Portretten van vrouwen en voorouders

Einde van een Tijdperk?

Sinds begin november zijn mijn schilderijen helemaal blauw. Ultramarijn, koningsblauw, kobaltblauw, turquoise… de lijst is eindeloos.

Ik weet niet precies hoe het ontstond, maar het is niet de eerste keer. In 1990 probeerde ik een jaar lang de kleur van de schemering te schilderen. Dat stond voor mij symbool voor schoonheid en het onmogelijke nastreven.

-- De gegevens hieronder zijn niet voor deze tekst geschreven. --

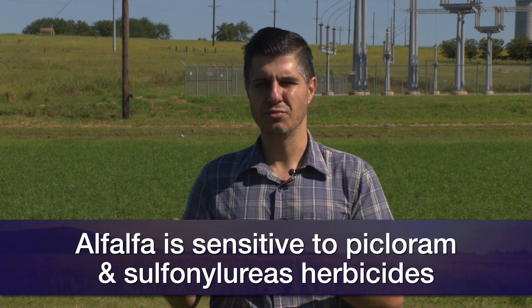Depending on your soil type and the age of your old stand, there may be some chemicals produced from the last alfalfa stand that can inhibit new seedlings. Also, go back 36 months or three years in your management history and see if you had applied picloram or sulfonylurea type herbicides. Alfalfa is very sensitive to those types of herbicides, and you may have a problem establishing alfalfa if residues remain in the soil. So if you had applied those, please go and do a herbicide bioassay and make sure the soil is completely free of residues before planting.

Maar gister veranderde er iets. Ik was in de verfwinkel voor acrylstiften, en ineens kocht ik een pot verf. Geen blauw maar rauwe sienna. Ik moet eerlijk bekennen dat ik er de nacht ervoor er wakker van had gelegen. Verlangen naar kleur. En nu fiets ik naar huis met die pot verf als een schat in mijn tas.

Nog voor het avondeten, probeer ik de verf op een stukje papier. Eerst puur uit de pot en dan met een beetje wit door. Ik krijg kippenvel, het voelt als spijbelen. Er ligt een portret van mijn oudoom al weken te wachten op afronding. Met een glimlach bedek ik de blauwe achtergrond met gebrande siennna.

Precies wat het schilderijtje van Oom Loes nog nodig had. Hij was Jezuïet. Hij en drie zussen van mijn opa gingen in het klooster. Er waren elf kinderen. Op deze manier waren er in ieder geval een paar kinderen onder de pannen. Gelukkig niet mijn opa, anders had ik niet bestaan.

De verf dekt niet helemaal, je ziet het blauw er nog doorheen. Ik weet nog niet wat dit betekent. Het einde van een tijdperk of een slippertje?